#### RECORDED INFORMATION:
============

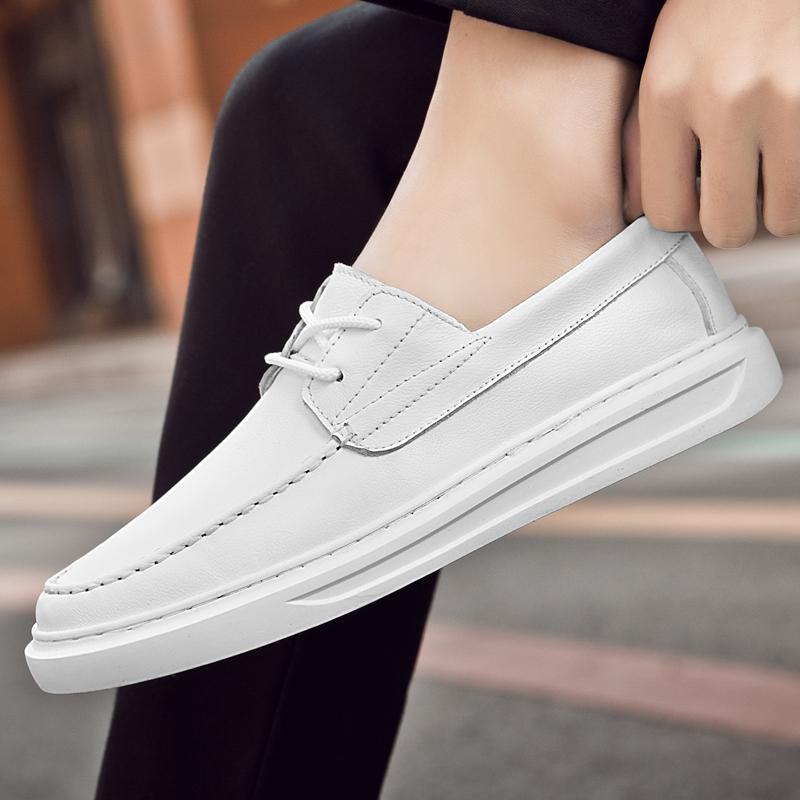 Echtes Leder Herren Freizeitschuhe Herren Atmungsaktive Slip-on-Fahrschuhe Herren Freizeitschuhe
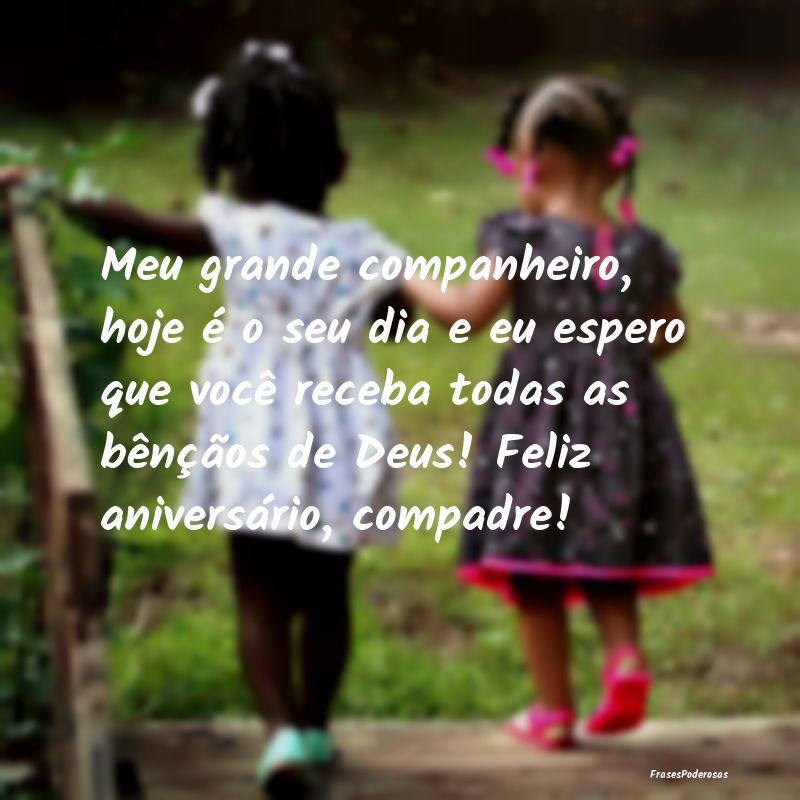 Meu grande companheiro, hoje é o seu dia e eu esp... Meu grande companheiro, hoje é o seu dia e eu esp...
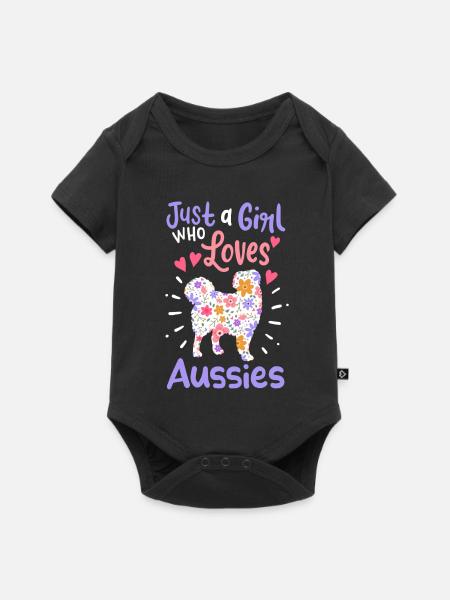 Australian Shepherd - Baby Premium Kurzarmbody - Schwarz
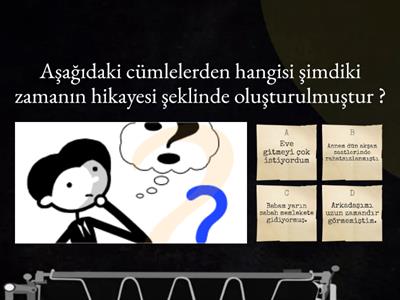 Birleşik Zamanlı Fiiller Test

============

#### PROBLEM:
Drop the pictures and set down the data above exactly.

#### ANSWER BOX:
 Echtes Leder Herren Freizeitschuhe Herren Atmungsaktive Slip-on-Fahrschuhe Herren Freizeitschuhe
 Meu grande companheiro, hoje é o seu dia e eu esp... Meu grande companheiro, hoje é o seu dia e eu esp...
 Australian Shepherd - Baby Premium Kurzarmbody - Schwarz
 Birleşik Zamanlı Fiiller Test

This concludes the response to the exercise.